Undo — Not Confirmation — End of Discussion

Asa Raskin has made a really useful example of how to implement undo easily in user interfaces. Here’s the example file (linked directly to a page at his company Humanized). Try deleting some items and then press undo.

Note how there is no confirmation when you delete and the items can come back pressing undo.

I really like this approach, and have long been pushing for a similar approach in projects I have worked with recently.

Now, there is a constant resistance (usually from a technical perspective), when discussing undo. And in the project I have worked in, none of them eventually decided to have undo. Here are the reasons I have heard from customers deciding not to implement undo:

  1. Afraid of high technical costs
  2. Prioritized new functionality higher than undo
  3. Did not acknowledge the importance of undo from a user perspective
  4. Did not acknowledge the annoyance of having to confirm the action over and over

In case you missed the A List Apart article by Asa, go read his brilliant “Never use a warning when you mean undo”. I could not agree more.

More info:
Alistapart: Never Use a Warning When You Mean Undo
Humanized: Undo Made Easy with Ajax (Part 1) and part 1.5

[tags]asa raskin, usability, undo, confirmation[tags]

5 Responses to “Undo — Not Confirmation — End of Discussion”

  1. Thomas Baekdal Says:

    Interesting – nice find.

    May I add a 5th point: Problems with handling Undo in the browsers memory.

    Sure you can use AJAX to store previous “states”, but that implementation is also slow because it requires a roundtrip to the server. The browser should be able to store the previous states in memory – which the browser does very poorly.

    Also, how do you undo writing something, and then accidently hitting some key that either reloads the page or move to a different page altogether (in a web application).

    Undo is extremely important, but damn the browser is annoying :)

  2. Hannes Says:

    As Aza mentions in Part 1, the elements do not actually get deleted in the moment when the user clicks on the delete link but in an onUnload hook. IMHO the UX is even better when the elements do not get removed from the page, but grayed out/disabled and the delete link gets renamed to undelete. This enables the user to undo an arbitrary deletion instead of being forced to their inverse order.

  3. pik Says:

    Graphics are nice but isn’t this a stateful utopia ? isn’t the back button supposed to do the same work ?

  4. Mike Says:

    I agree with you 95% of the way, but there are cases where undo is not good enough.

    Here at felspar.com we’ve implemented a bulk emailer service, which we integrate with our bespoke system.
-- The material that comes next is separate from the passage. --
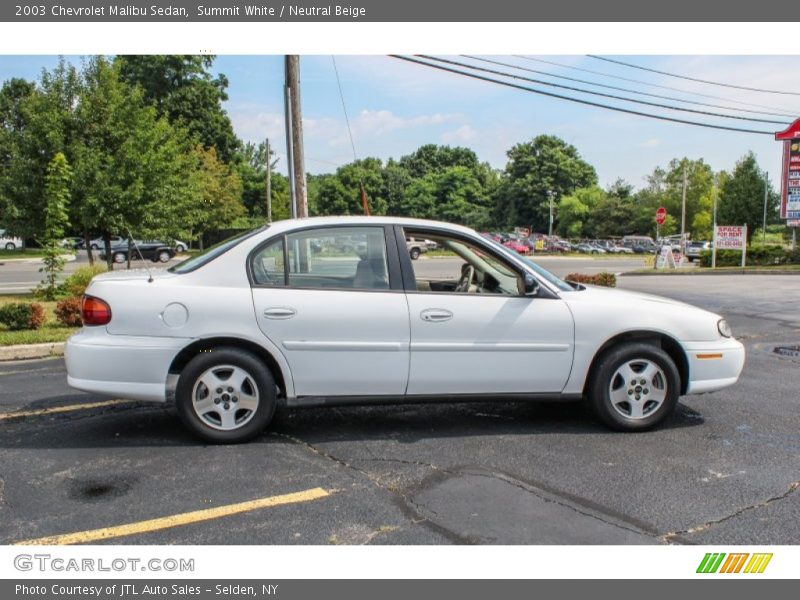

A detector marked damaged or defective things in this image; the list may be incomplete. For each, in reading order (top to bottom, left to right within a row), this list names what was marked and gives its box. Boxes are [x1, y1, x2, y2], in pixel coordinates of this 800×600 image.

cracked pavement [1, 274, 800, 548]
One of our clients can potentially email around 150K customers with the click of a button. At that point, undo is not possible, as, once the email has been sent and received, it cannot be sucked out of the recipient machine by an undo operation. So, we have various test and preview screens before a final confirmation to send.

    In a perfect world, perhaps email could be un-sent or corrected… and network connections would never go down after sending.. and people could un-read emails. etc. Unfortunately, we don’t live there.

    Moral of the story: you often can’t undo changes that have escaped into the big wide world. In thoses cases, make sure the users know exactly what they are doing.

  5. Peter Bachmann Says:

    “Now, there is a constant resistance (usually from a technical perspective), when discussing undo. And in the project I have worked in, none of them eventually decided to have undo. Here are the reasons I have heard from customers deciding not to implement undo:

    Did not acknowledge the importance of undo from a user perspective”

    As a user who knows really next to nothing about technology and creating user interfaces (and here I am trying to learn for our next website rebuild…) having an easy to understand and run an “undo” function is critical.

    Make it work!

    How many times have I needed this? How many times would I have appreciated this? It runs into 3 or 4 times a day. Multiply that by usage online and the programming convenience of having multiple “are you sure” nag screens vs. the
    technical cost of having an oh so easy undo action – and of course it has to be action dependent, I think people understand that even just intuitively – well, clearly the cost benefit is not even debatable. A pox on your clients who wussed out.

    I think people would take to this like ducks to water. This is proper user interface thinking. Speaking as a user we need much more of this going forward; rather than convenience and the fastest cheapest way to get it done in technology!